La vérité est dans le poulet

Gil Bartholeyns, "Deux kilos deux", éditions JC Lattès, 300 pages, 19,90 euros.

Un coin de campagne reculé, une forêt profonde et la neige qui tombe à foison. Un restaurant au bord de la route, les présences répondent ici aux noms de Sully, de Molly, d’Earl et de Paul… L’Amérique ? Pas du tout, c’est bien en Belgique que nous sommes. Point de Far West, mais un “Far East”. Gil Bartholeyns a travaillé aux Etats-Unis. Sully, son héros, vétérinaire devenu inspecteur du bien-être animal a, lui, visité le Saskatchewan. L’auteur a retrouvé dans les Hautes Fagnes, par tous les temps, dans le cadre de son travail d’anthropologue, des ambiances, des lieux et des lumières similaires qui l’ont inspiré pour son livre. “Une sorte d’environnement adultérin alors qu’on le croit naturel.”. En effet, point de forêt primaire en Belgique.

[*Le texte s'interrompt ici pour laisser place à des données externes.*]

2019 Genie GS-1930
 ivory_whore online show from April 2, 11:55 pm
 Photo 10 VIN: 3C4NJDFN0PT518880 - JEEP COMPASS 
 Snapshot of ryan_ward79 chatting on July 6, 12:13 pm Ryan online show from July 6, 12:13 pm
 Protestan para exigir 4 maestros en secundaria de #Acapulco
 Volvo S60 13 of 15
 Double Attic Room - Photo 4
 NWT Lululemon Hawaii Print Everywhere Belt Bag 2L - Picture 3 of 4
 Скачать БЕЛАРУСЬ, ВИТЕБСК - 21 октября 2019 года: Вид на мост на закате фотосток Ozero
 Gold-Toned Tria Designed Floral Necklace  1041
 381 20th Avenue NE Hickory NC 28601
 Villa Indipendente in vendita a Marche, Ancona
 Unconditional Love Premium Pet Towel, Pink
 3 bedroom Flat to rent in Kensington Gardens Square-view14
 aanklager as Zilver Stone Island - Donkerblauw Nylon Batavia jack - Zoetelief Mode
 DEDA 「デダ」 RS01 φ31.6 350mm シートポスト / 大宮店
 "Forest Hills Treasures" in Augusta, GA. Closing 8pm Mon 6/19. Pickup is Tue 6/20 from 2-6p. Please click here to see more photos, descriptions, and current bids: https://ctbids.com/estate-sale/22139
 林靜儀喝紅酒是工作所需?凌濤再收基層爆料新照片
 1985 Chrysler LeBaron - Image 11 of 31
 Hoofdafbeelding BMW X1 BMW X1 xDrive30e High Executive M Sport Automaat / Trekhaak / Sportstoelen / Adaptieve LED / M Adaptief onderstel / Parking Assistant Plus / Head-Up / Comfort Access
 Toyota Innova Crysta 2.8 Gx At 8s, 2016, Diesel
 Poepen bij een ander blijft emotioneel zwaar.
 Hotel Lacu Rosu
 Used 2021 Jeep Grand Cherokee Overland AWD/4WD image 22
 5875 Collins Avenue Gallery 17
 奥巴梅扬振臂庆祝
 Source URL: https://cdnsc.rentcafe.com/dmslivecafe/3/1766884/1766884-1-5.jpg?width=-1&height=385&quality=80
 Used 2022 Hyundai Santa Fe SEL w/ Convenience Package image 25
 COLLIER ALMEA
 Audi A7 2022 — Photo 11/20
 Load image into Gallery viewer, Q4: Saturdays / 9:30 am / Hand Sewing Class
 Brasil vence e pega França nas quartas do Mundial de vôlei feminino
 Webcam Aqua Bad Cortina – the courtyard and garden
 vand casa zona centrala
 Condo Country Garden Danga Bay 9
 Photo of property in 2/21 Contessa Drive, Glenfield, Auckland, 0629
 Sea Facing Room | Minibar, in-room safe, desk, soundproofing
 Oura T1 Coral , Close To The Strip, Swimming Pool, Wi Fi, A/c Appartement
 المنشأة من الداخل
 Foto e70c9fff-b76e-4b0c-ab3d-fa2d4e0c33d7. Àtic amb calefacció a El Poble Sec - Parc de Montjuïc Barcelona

La spéciation était la tristesse originelle de l’homme.

Voilà pour le décor, encore fallait-il trouver l’histoire. “J’avais un début d’intrigue: un jeune gars arrive et perturbe tout.” Et dans le milieu rural, qui de mieux qu’un contrôleur d’un service de bien-être animal du ministère pour venir mettre un peu d’ambiance. Sully a pour mission d’inspecter l’élevage de poulets d’un exploitant bien sous tous rapports et n’ayant rien à se reprocher. Notre enquêteur, déjà perturbé par les conditions climatiques manquera presque de rentrer bredouille. Presque…

Deux kilos deux n’est pas un simple thriller agricole. Pour le chercheur qu’est Gil Bartholeyns, il fallait aller plus loin. Quoi de mieux que l’agriculture pour redéfinir la place qu’accorde l’humain à l’animal? Et donc aboutir à la politique du bien-être animal. En Europe, tout est calibré en matière de volailles: la superficie de leur zone d’engraissement, la température du poulailler, son taux d’humidité, la teneur en graisse des animaux, le poids idéal avant leur abattage. “Les normes de bien-être animal sont terribles pour les animaux. Les exploitants peuvent être de bonne foi, on est face à un système maltraitant”, souligne-t-il. Constat terrible de l’auteur et de son protagoniste qui s’applique à ressasser tout au long de son enquête le bilan carbone et l’incohérence des oiseaux retrouvés étouffés par leurs congénères, à moitié déplumés, mais tout de même bons pour l’assiette. Le livre nous dévoile en plus des éléments nouveaux, le fruit des recherches de l’universitaire qui s’était fait une promesse pour son passage à la fiction: rendre compte d’une vérité que l’on ne peut lire nulle part. “Me documenter, c’est mon métier. Mais je voulais aller sur le terrain pour découvrir autre chose, autrement. Et à ce moment-là, s’offre à vous la possibilité une ‘justice littéraire’.” Cette vérité explose ici à notre figure, par un factuel précis et documenté.

Et si l’auteur se défend de tout militantisme anti-viande, il espère néanmoins nous faire prendre conscience de l’aberration d’une chaîne de production alimentaire qui joue avec les mots, les animaux et notre bonne conscience. On aura beau créer les meilleures conditions d’hygiène possible, pour manger un animal, il faut le tuer, et ça l’humain doit l’accepter. Sully le refuse parce qu’il ne mange pas de viande, c’est son choix. Mais la mécanique dont il est l’un des rouages l’obsède, le rend schizophrène, donnant lieu dans le texte à des variations de styles, parfois perturbantes car abruptes, mais assez intéressantes. Peu de concepts ici – des mots choisis précieusement-, mais les faits et des personnages au coeur d’un ouvrage où l’homme se sent parfois sa propre proie. En effet, en questionnant la condition animale, Deux kilos deux ne nous laisse pas, nous humains, en reste.